As long as multiple devices or multiple people are required to cooperate to complete a job, there must be an energy saving problem, which is the overall efficiency optimization problem.
If you are given on-site operating data and equipment parameters, can you provide the optimal operating efficiency and the control method to achieve this efficiency? Obviously, this is not an easy job to do. Otherwise, the “carbon peaking” work will not be so tangled.
1.4 R&D Overview of Energy Efficiency Optimization
People always want to do the most work with the least cost, which is the origin of the efficiency optimization problem, and the way to achieve this goal is the efficiency optimization method.

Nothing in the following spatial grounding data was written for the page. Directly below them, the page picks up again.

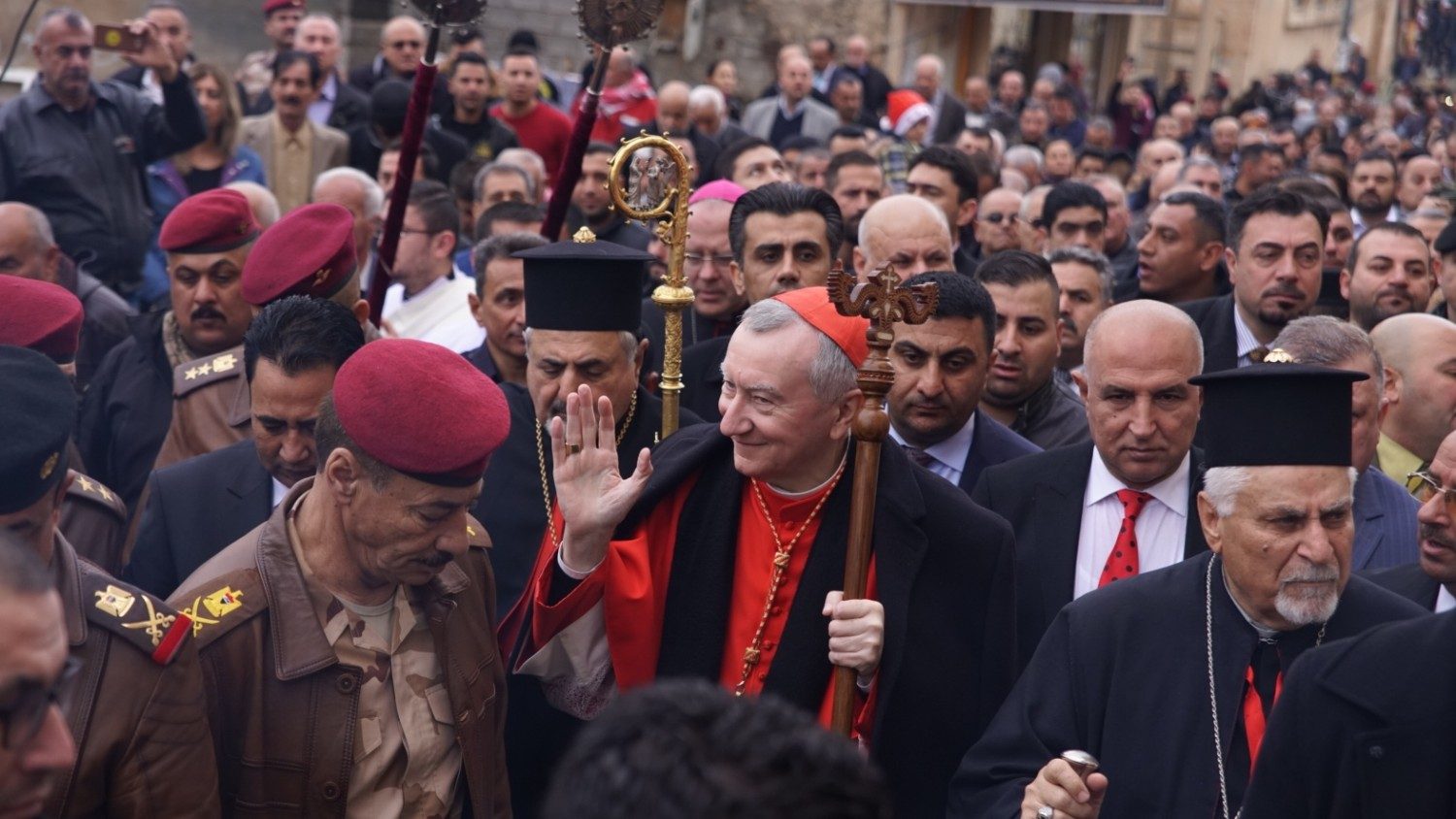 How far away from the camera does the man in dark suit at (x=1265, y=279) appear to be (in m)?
7.58

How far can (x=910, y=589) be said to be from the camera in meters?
4.37

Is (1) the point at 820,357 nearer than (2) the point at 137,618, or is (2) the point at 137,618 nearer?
(2) the point at 137,618

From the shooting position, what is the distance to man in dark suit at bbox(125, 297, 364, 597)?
493cm

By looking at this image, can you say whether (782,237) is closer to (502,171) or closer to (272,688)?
(502,171)

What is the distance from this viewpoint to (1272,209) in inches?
308

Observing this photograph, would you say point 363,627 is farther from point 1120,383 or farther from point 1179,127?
point 1179,127

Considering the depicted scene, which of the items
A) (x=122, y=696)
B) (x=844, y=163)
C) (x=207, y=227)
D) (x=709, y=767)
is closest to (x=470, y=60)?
(x=844, y=163)

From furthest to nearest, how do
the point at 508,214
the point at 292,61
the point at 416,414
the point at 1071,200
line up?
the point at 292,61, the point at 1071,200, the point at 508,214, the point at 416,414

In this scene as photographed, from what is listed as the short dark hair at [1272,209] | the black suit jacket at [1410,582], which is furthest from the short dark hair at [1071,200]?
the black suit jacket at [1410,582]

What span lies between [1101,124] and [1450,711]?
16255 mm

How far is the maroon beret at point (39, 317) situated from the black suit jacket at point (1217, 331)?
14.1 feet

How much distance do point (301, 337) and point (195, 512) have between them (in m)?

If the optimization variables are independent parameters and do not change with time, for such a system, it is called a static optimization problem or a parameter optimization problem. The main task is to solve the extremum function. This optimization includes three basic elements, namely variables, objective function and constraints. The optimization process is to change and finally determine the optimization variables under the condition of satisfying the constraints, so that the objective function has a minimum or maximum value [1].
If the objective function is a linear function of the optimization variables, and the constraints are linear equations or inequalities of the optimization variables, then such optimization is classified as a linear programming problem [2]. If the objective function or constraints contain a nonlinear function of one or more optimization variables, it is classified as a nonlinear programming problem [3]. In nonlinear programming, if the objective function is a quadratic function of the optimization variables and the constraints are linear functions of the optimization variables, then the optimization problem is called a quadratic programming problem [4]. If the objective function is a convex function and the constrained feasible region is a convex set, it is called a convex optimization problem [5]. A notable feature of convex optimization is that the local optimal solution is the global optimal solution.
The most commonly used method to solve extreme value problems is the classic differential method in advanced mathematics [6, 7]. The optimal solution is obtained by taking the partial derivative of the objective function with respect to each variable so that it is zero.
If the objective function of a nonlinear optimization problem is too complex to be solved analytically, then we can resort to numerical methods [8]. In order to improve the computational efficiency on the basis of versatility, people have developed engineering numerical optimization methods [9, 10].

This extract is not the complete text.